September 17th, 2007

I’ve turned 40 this weekend, so i thought it would be nice to celebrate…
First idea was: i do a cake! Nah… doesn’t shine…
Since Away3D is now able to create anything looking expensive like gold or silver, i thought, what’s the most expensive material on earth? Diamonds of course!
Everyone who has played with transparent objects knows you need alpha info, and then… well here it comes, what comes next? You need something to move light! So most go for double geometry, above each other. Did that too, but then you get a z-sorting artifact, all faces are swapping on and off. Useless.
So i’ve updated the enviroMaterial again to render faces another way…
Enjoy the Away3D diamond! The right amount of shinyness and face count!
Fabrice
September 13th, 2007

It’s been a while since my last post on materials. I thought it might be good to let see we are VERY busy right now with Away3D.
One of the latest feature, like this demo shows, is the normal mapping. Now natively implemented in the engine.
Any mesh using this new Material will reflect the environement or a given reflection map.
This is the first of this kind of materials and i have already a few more in the making.
How would you find being able to add phong shading coming from a given light source to your model?
Check this blog to see soon more of that shiny stuff!
Away3D rocks people!
k, Back to code now… too much fun!
Fabrice
PS: Rob is actually busy merging our codes for the next release.
PS2: Right click on model, open the Flashplayer menu, and select Away stats if you want some fps details…
Update
Made some tests last nite.
Code seams stabile and perform pretty well no matter model geometry being loaded…
Tried a 4206 faces overkill head model. FPS dropped down to 2fps and on init of the mesh the head.obj needed arround 2 seconds to intialize due to enormous amount of precalculations. The hummingbird model however with a respectable 974 faces count was running at a steady 25 fps very smootly.
I will try to improve the code on this…

September 13th, 2007

Ok no pixels news for once…
I was tired building in each project an FPS (frames per second) counter or add traces everywhere.
So i thought it might be usefull to build once and for all an handy tool that would require no external swf or to be set in the library. This little device generates itself and is available at anytime in any Away3d projects. It will use a little calculation power only when on screen. Just right click or ctrl/press on the mac to display it on screen.
HOW TO INSTALL IN YOUR PROJECT? Just compile and run the swf and call the player menu! Nothing!
Check this destructive demo that demonstrate how the color indicator behaves.(Don’t wait till your browser crashes!)

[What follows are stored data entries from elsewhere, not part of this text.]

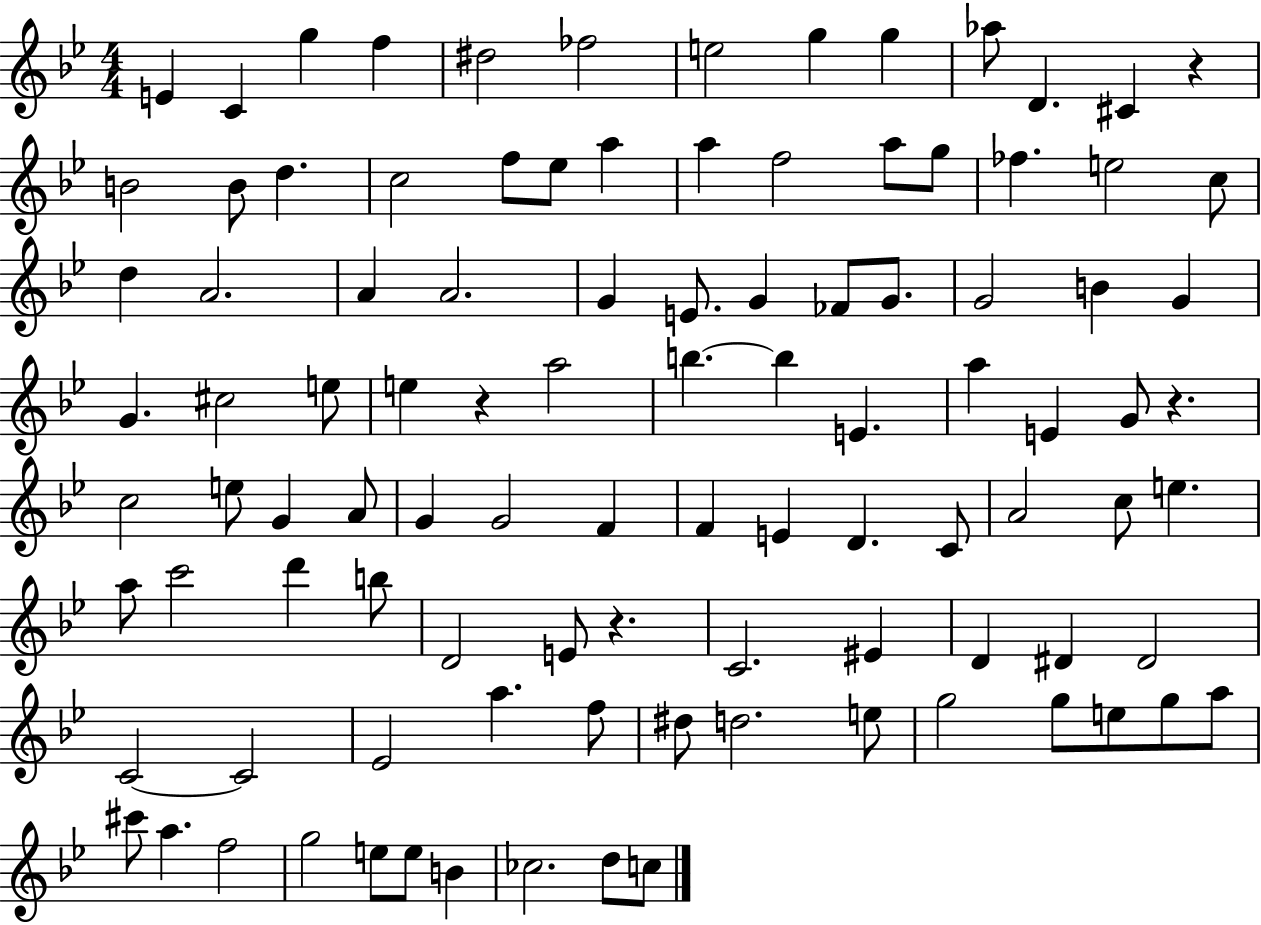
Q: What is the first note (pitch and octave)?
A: E4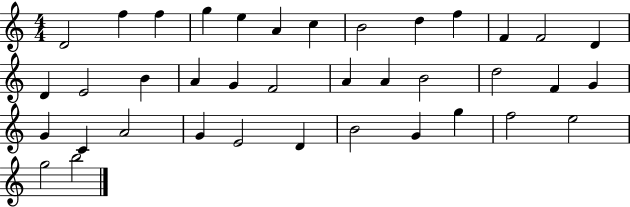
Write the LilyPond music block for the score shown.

{
  \clef treble
  \numericTimeSignature
  \time 4/4
  \key c \major
  d'2 f''4 f''4 | g''4 e''4 a'4 c''4 | b'2 d''4 f''4 | f'4 f'2 d'4 | \break d'4 e'2 b'4 | a'4 g'4 f'2 | a'4 a'4 b'2 | d''2 f'4 g'4 | \break g'4 c'4 a'2 | g'4 e'2 d'4 | b'2 g'4 g''4 | f''2 e''2 | \break g''2 b''2 | \bar "|."
}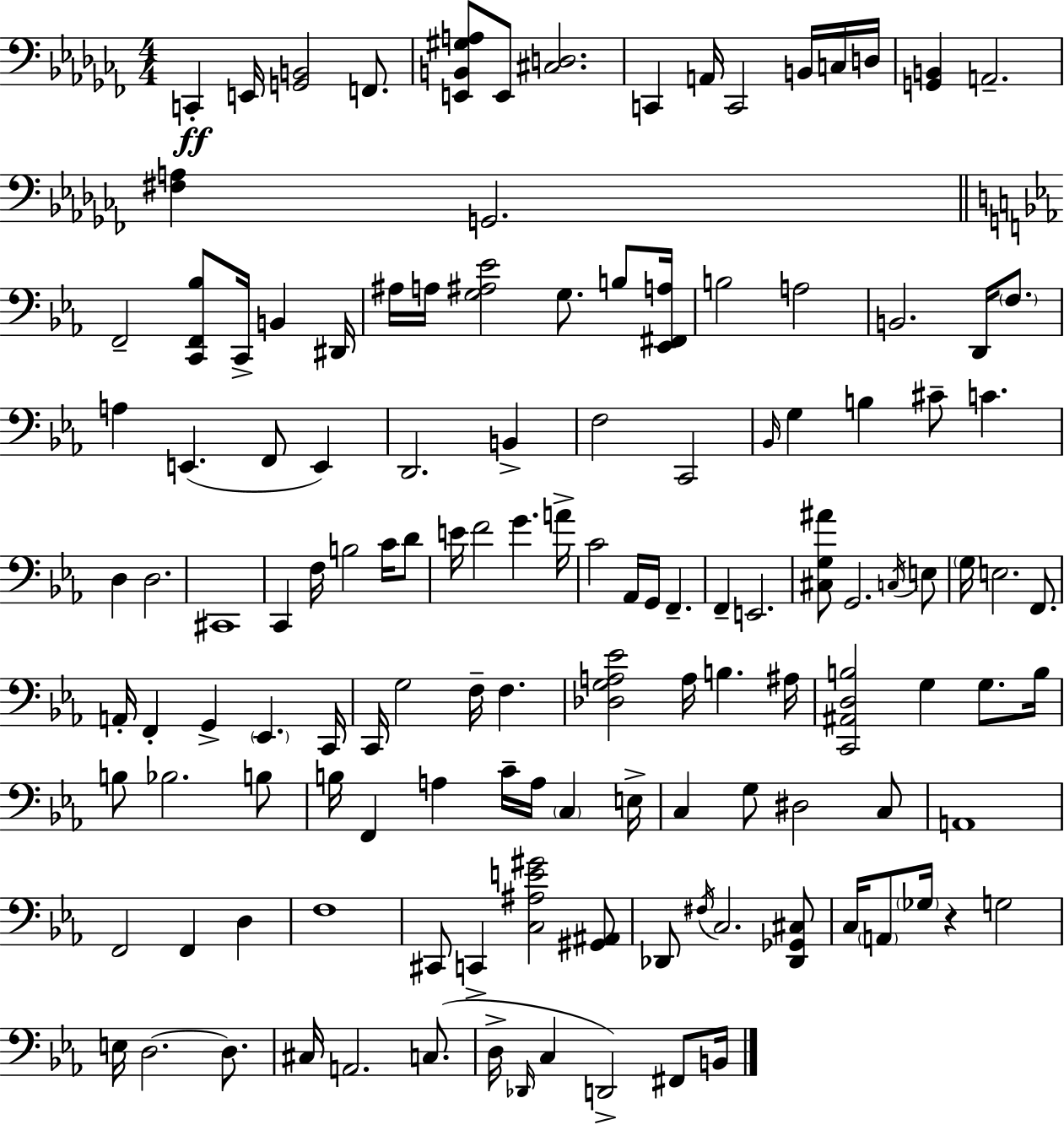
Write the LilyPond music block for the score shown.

{
  \clef bass
  \numericTimeSignature
  \time 4/4
  \key aes \minor
  c,4-.\ff e,16 <g, b,>2 f,8. | <e, b, gis a>8 e,8 <cis d>2. | c,4 a,16 c,2 b,16 c16 d16 | <g, b,>4 a,2.-- | \break <fis a>4 g,2. | \bar "||" \break \key c \minor f,2-- <c, f, bes>8 c,16-> b,4 dis,16 | ais16 a16 <g ais ees'>2 g8. b8 <ees, fis, a>16 | b2 a2 | b,2. d,16 \parenthesize f8. | \break a4 e,4.( f,8 e,4) | d,2. b,4-> | f2 c,2 | \grace { bes,16 } g4 b4 cis'8-- c'4. | \break d4 d2. | cis,1 | c,4 f16 b2 c'16 d'8 | e'16 f'2 g'4. | \break a'16-> c'2 aes,16 g,16 f,4.-- | f,4-- e,2. | <cis g ais'>8 g,2. \acciaccatura { c16 } | e8 \parenthesize g16 e2. f,8. | \break a,16-. f,4-. g,4-> \parenthesize ees,4. | c,16 c,16 g2 f16-- f4. | <des g a ees'>2 a16 b4. | ais16 <c, ais, d b>2 g4 g8. | \break b16 b8 bes2. | b8 b16 f,4 a4 c'16-- a16 \parenthesize c4 | e16-> c4 g8 dis2 | c8 a,1 | \break f,2 f,4 d4 | f1 | cis,8 c,4-> <c ais e' gis'>2 | <gis, ais,>8 des,8 \acciaccatura { fis16 } c2. | \break <des, ges, cis>8 c16 \parenthesize a,8 \parenthesize ges16 r4 g2 | e16 d2.~~ | d8. cis16 a,2. | c8.( d16-> \grace { des,16 } c4 d,2->) | \break fis,8 b,16 \bar "|."
}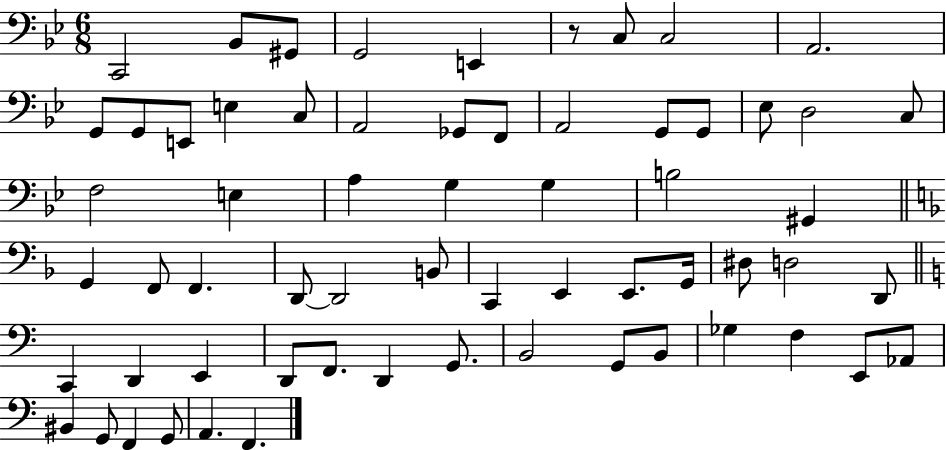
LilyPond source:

{
  \clef bass
  \numericTimeSignature
  \time 6/8
  \key bes \major
  c,2 bes,8 gis,8 | g,2 e,4 | r8 c8 c2 | a,2. | \break g,8 g,8 e,8 e4 c8 | a,2 ges,8 f,8 | a,2 g,8 g,8 | ees8 d2 c8 | \break f2 e4 | a4 g4 g4 | b2 gis,4 | \bar "||" \break \key f \major g,4 f,8 f,4. | d,8~~ d,2 b,8 | c,4 e,4 e,8. g,16 | dis8 d2 d,8 | \break \bar "||" \break \key a \minor c,4 d,4 e,4 | d,8 f,8. d,4 g,8. | b,2 g,8 b,8 | ges4 f4 e,8 aes,8 | \break bis,4 g,8 f,4 g,8 | a,4. f,4. | \bar "|."
}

When on screen, you’ll be able to access some helpfull informations for any projects development like:
fps
swf framerate
highest fps and lowest fps
average fps
ram usage
faces count
active camera information
mesh count
geometrie information
face rendered count
The stats window is also draggable, so it can stay on screen while testing.
It also has a color information coupled to performance based on swf framerate and actual FPS. The more fps on that scale, the more the bar gets greenshish and that means your project’s gonna be a killer! While going on the other side of the scale it will tint to red and that would probably mean: back to the drawingboard!
If users are finding it handy, we will probably extend it with more features, like debugging options.